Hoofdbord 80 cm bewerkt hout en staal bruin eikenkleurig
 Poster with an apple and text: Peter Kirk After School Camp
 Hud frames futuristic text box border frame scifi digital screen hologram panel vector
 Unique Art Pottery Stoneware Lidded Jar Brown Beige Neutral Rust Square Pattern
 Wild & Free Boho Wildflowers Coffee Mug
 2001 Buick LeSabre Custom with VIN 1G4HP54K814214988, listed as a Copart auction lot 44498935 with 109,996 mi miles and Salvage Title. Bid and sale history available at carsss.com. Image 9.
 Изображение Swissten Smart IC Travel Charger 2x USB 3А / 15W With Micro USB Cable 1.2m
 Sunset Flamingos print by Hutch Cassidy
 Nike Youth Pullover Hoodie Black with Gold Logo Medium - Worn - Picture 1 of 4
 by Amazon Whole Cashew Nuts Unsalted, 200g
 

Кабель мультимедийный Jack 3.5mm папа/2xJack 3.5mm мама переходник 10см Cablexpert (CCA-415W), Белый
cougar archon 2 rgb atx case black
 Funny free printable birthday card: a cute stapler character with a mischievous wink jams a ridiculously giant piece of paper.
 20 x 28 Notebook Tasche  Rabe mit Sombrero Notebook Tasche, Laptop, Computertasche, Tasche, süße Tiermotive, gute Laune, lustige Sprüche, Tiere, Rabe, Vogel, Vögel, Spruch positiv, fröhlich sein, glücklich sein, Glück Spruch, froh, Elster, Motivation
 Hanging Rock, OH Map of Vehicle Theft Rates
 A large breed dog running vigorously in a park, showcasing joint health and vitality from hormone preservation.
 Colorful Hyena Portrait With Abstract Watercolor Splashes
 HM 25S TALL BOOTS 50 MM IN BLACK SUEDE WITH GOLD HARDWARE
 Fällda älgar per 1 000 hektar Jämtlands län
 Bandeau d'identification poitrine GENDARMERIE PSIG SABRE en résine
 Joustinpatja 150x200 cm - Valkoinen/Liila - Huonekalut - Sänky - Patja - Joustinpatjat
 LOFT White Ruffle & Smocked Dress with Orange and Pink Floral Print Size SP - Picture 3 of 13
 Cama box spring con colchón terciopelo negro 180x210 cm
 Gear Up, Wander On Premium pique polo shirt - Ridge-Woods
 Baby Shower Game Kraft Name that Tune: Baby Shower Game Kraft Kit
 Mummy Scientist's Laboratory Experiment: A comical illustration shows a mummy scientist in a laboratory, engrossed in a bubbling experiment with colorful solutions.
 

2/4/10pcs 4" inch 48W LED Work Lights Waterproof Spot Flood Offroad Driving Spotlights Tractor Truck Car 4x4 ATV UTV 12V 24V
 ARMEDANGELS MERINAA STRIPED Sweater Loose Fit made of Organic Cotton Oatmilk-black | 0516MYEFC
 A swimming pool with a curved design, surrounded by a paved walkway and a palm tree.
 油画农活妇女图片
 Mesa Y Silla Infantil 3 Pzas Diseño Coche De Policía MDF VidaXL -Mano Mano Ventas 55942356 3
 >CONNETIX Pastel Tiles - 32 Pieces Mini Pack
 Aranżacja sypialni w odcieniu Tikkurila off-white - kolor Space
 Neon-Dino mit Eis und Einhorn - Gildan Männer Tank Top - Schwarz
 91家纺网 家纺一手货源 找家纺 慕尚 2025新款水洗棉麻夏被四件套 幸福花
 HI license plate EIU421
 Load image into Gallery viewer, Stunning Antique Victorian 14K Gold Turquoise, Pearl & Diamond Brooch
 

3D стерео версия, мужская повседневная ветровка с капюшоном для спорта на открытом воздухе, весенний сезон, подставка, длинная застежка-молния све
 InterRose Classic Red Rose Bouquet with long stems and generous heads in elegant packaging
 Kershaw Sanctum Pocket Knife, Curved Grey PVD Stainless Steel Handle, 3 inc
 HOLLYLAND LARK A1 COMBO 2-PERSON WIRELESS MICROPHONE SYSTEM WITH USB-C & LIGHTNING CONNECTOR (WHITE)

Problem to solve: In this exercise, copy only the lines from the opening line of the material through the line where "Funny free printable" appears.

Problem solution:
Hoofdbord 80 cm bewerkt hout en staal bruin eikenkleurig
 Poster with an apple and text: Peter Kirk After School Camp
 Hud frames futuristic text box border frame scifi digital screen hologram panel vector
 Unique Art Pottery Stoneware Lidded Jar Brown Beige Neutral Rust Square Pattern
 Wild & Free Boho Wildflowers Coffee Mug
 2001 Buick LeSabre Custom with VIN 1G4HP54K814214988, listed as a Copart auction lot 44498935 with 109,996 mi miles and Salvage Title. Bid and sale history available at carsss.com. Image 9.
 Изображение Swissten Smart IC Travel Charger 2x USB 3А / 15W With Micro USB Cable 1.2m
 Sunset Flamingos print by Hutch Cassidy
 Nike Youth Pullover Hoodie Black with Gold Logo Medium - Worn - Picture 1 of 4
 by Amazon Whole Cashew Nuts Unsalted, 200g
 

Кабель мультимедийный Jack 3.5mm папа/2xJack 3.5mm мама переходник 10см Cablexpert (CCA-415W), Белый
cougar archon 2 rgb atx case black
 Funny free printable birthday card: a cute stapler character with a mischievous wink jams a ridiculously giant piece of paper.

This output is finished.